Sheriff, co. Donegal 1791-2.


Stewart was the younger brother of Robert, 1st Marquess of Londonderry, Castlereagh’s father, on whose interest he sat for a month in the Irish parliament for county Derry in 1800 before transferring to Lord Clifden’s borough of Thomastown. In September 1800 he was spoken of as a likely parliamentary candidate for Donegal, where he had resided for 18 years.1 Nothing came of this, and when Stewart was returned for county Derry in 1814 it was as a family stopgap, a replacement for his nephew Charles William Stewart. He retained the seat only until the dissolution, when he was replaced by his son Alexander Robert who had meanwhile come of age.
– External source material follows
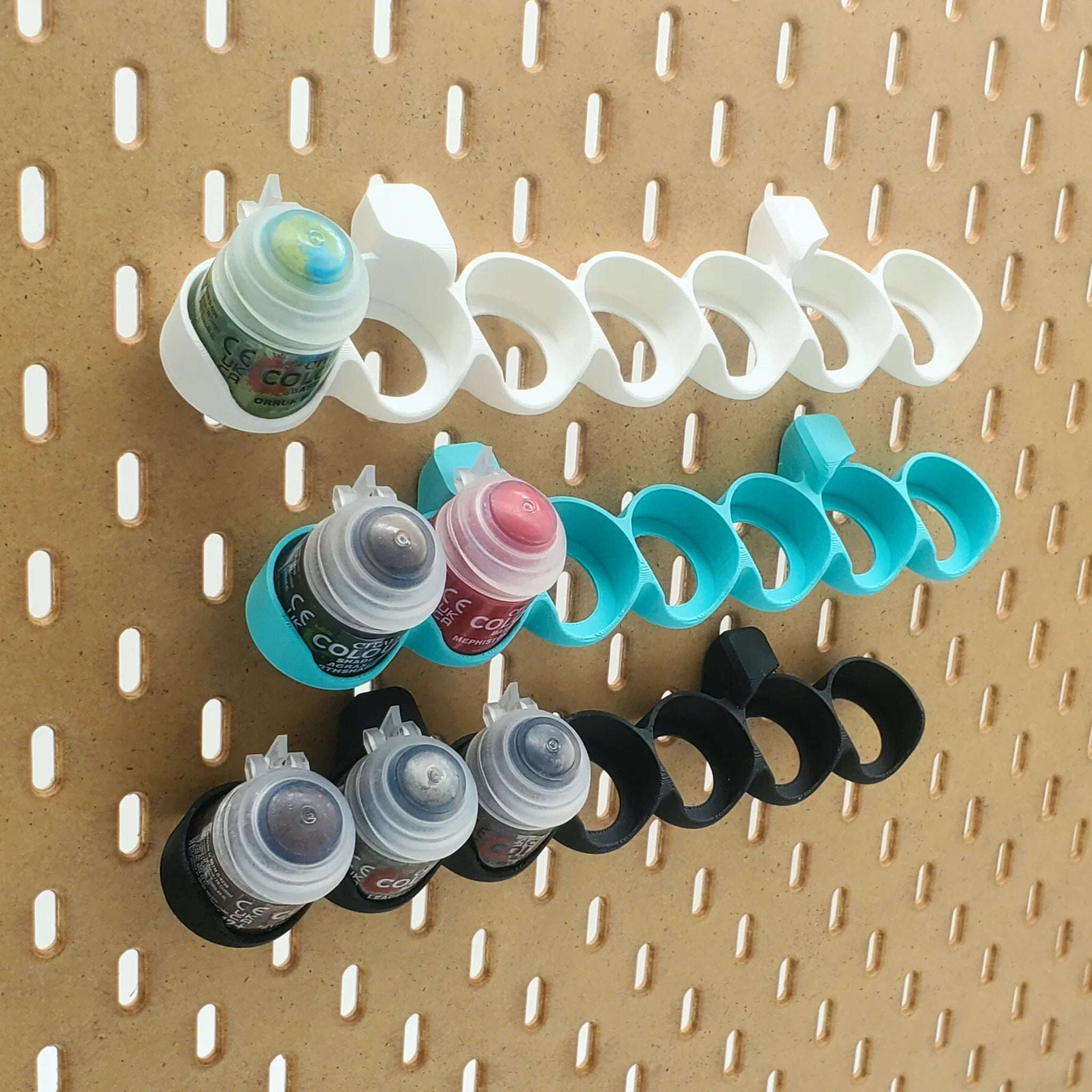 Citadel Paint Organizer, SKADIS, Angled — view 3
Stewart, conscious of what he called ‘the family interest entrusted to my care’,2 was governed by Castlereagh in his conduct. He supported government silently and although the viceroy, approving his return in 1814, was assured that Stewart was ‘a most staunch-Protestant’, he voted for the Catholic claims, to which his nephew was favourable, on 21 May 1816. In February 1816 his excuse to the chief secretary for his absence was that Castlereagh had told him that he need not attend till ‘pretty late in the session’ and that he awaited his nephew’s instructions. He was present in June 1816, perhaps for the last time. In November 1817 he wrote of ‘the uniform support which I gave to government, so long as my health permitted my attendance, without any interested view to myself’, and this in a letter to the chief secretary complaining that his requests for county patronage were being ignored. His plea was reinforced by his nephew Charles, but in February 1818, still in poor health, he renewed his complaints of neglect and failure in his applications.3 He was clearly relieved to retire. Stewart died in August 1831.

Ref Volumes: 1790-1820

Author: P. J. Jupp


  • 1. An Intro. to the Abercorn Letters ed. Gebbie, 211-12.
  • 2. Add. 40271, f. 248.
  • 3. Add. 40188, f. 281; 40252, f. 258; 40271, ff. 248, 302; 40274, f. 69.